#### About this exercise
Check each line of the data for "with" and select those that have it.
─── Given records ───
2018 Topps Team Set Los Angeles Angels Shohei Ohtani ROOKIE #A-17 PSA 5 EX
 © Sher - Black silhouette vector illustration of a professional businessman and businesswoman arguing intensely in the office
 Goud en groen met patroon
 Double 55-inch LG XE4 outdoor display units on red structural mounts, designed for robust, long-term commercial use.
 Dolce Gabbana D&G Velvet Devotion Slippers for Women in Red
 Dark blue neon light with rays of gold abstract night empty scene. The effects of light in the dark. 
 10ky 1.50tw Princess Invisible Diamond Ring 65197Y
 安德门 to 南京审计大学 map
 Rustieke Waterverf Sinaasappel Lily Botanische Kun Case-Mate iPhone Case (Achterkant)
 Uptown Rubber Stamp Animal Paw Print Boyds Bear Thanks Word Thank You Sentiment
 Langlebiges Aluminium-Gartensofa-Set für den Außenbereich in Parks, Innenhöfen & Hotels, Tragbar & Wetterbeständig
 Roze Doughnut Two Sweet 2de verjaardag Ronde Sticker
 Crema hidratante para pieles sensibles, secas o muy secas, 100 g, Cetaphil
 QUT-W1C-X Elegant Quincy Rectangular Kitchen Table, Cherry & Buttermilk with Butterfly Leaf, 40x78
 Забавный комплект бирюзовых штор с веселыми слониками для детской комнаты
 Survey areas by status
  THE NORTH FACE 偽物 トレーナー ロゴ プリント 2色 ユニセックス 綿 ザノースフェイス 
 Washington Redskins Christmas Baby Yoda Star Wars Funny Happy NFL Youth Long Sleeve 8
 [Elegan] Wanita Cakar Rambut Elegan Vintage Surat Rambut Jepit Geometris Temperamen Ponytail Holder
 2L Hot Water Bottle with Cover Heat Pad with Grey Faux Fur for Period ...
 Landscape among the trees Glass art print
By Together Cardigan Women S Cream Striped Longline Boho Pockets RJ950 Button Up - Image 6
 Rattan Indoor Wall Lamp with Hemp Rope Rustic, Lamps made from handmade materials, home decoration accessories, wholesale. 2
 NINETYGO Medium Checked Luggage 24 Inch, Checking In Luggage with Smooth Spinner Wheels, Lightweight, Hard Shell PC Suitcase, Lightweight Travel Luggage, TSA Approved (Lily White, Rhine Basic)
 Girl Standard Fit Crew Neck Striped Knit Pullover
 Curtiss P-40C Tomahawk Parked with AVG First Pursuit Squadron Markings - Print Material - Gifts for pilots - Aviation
───
#### Task answer
 Dark blue neon light with rays of gold abstract night empty scene. The effects of light in the dark. 
 QUT-W1C-X Elegant Quincy Rectangular Kitchen Table, Cherry & Buttermilk with Butterfly Leaf, 40x78
 2L Hot Water Bottle with Cover Heat Pad with Grey Faux Fur for Period ...
 Rattan Indoor Wall Lamp with Hemp Rope Rustic, Lamps made from handmade materials, home decoration accessories, wholesale. 2
 NINETYGO Medium Checked Luggage 24 Inch, Checking In Luggage with Smooth Spinner Wheels, Lightweight, Hard Shell PC Suitcase, Lightweight Travel Luggage, TSA Approved (Lily White, Rhine Basic)
 Curtiss P-40C Tomahawk Parked with AVG First Pursuit Squadron Markings - Print Material - Gifts for pilots - Aviation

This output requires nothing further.